INPUT DATA:
###
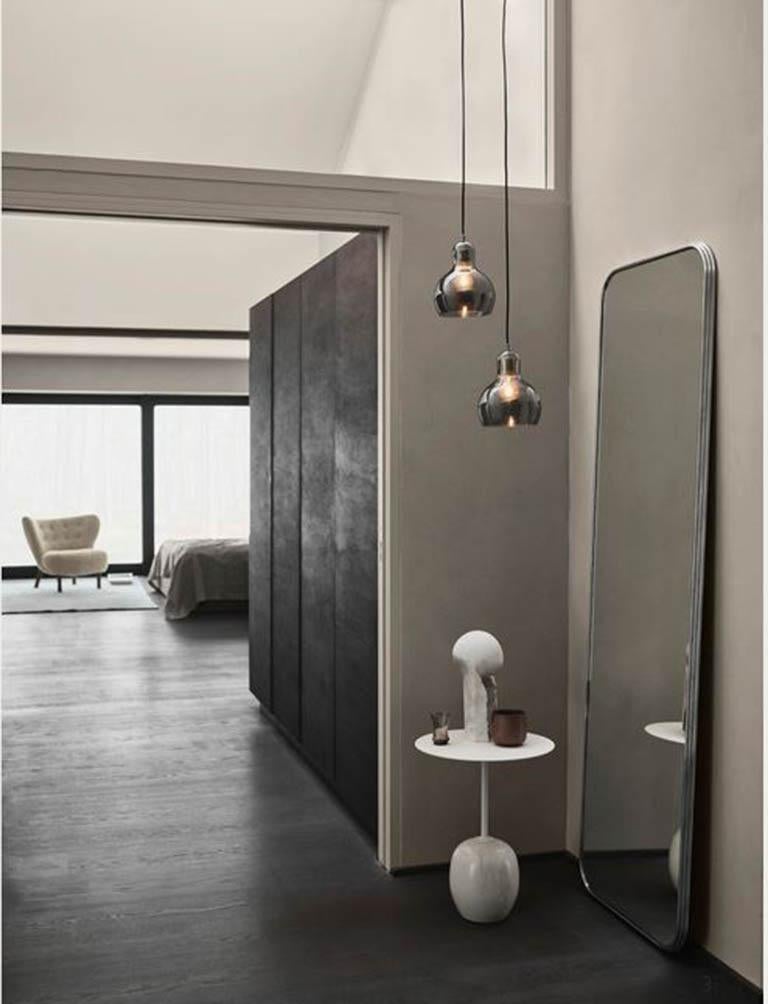 Scandinavian Modern Sillon Mirror SH7 by Sebastian Herkner for & Tradition For Sale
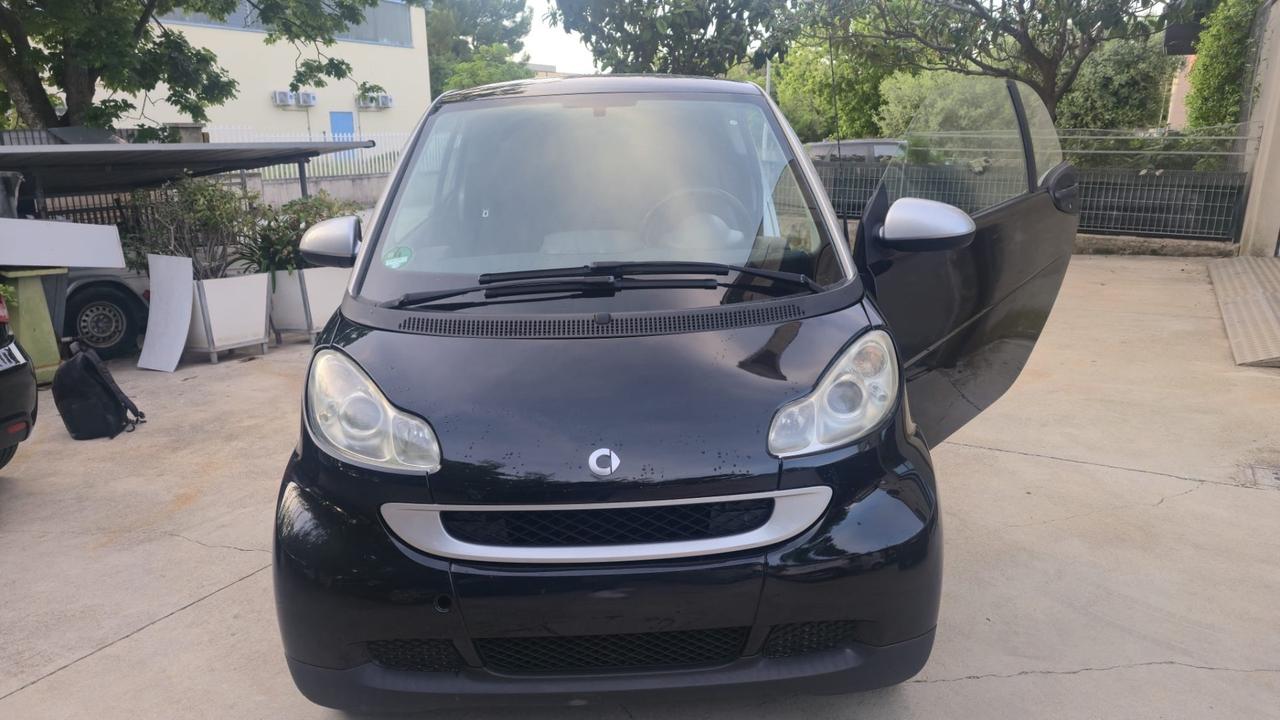 Smart ForTwo 1000 52 kW coupé passion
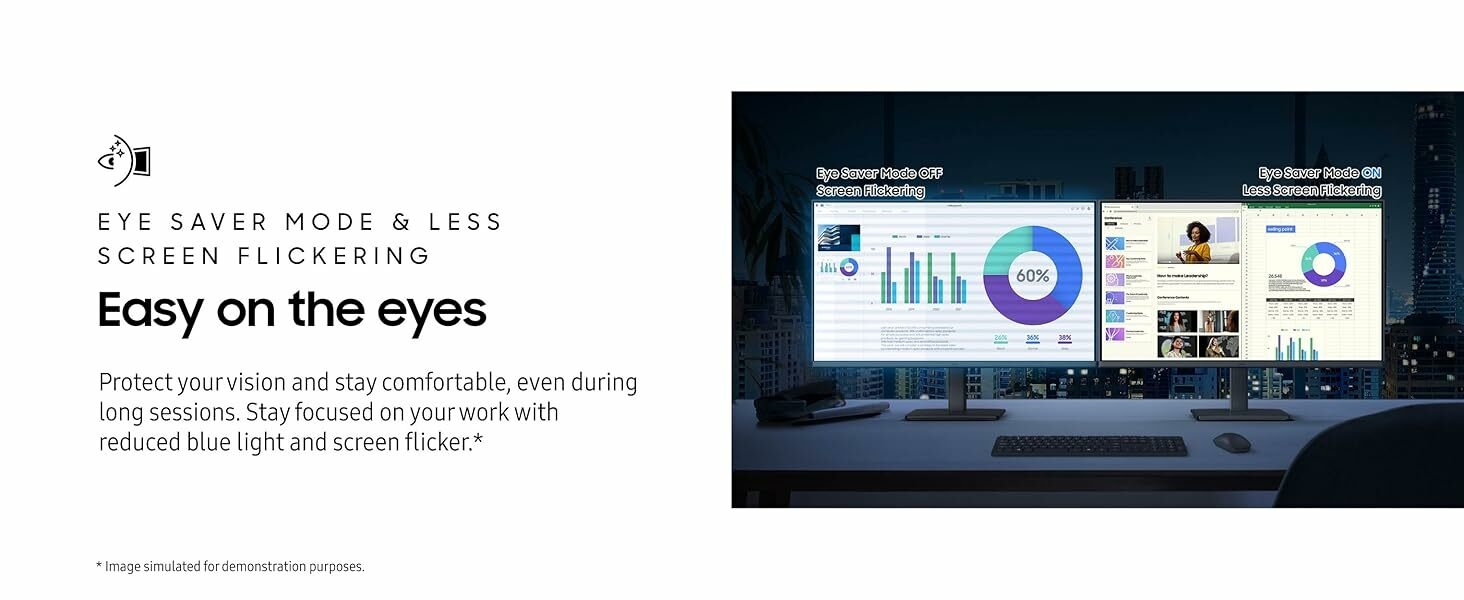 S30GD Business Essential Monitor with IPS Panel and Tilt Only Stand 100Hz Refresh Rate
###
WORK TASK:
Copy the listing over exactly, skipping the pictures it holds.

ANSWER BELOW:
 Scandinavian Modern Sillon Mirror SH7 by Sebastian Herkner for & Tradition For Sale
 Smart ForTwo 1000 52 kW coupé passion
 S30GD Business Essential Monitor with IPS Panel and Tilt Only Stand 100Hz Refresh Rate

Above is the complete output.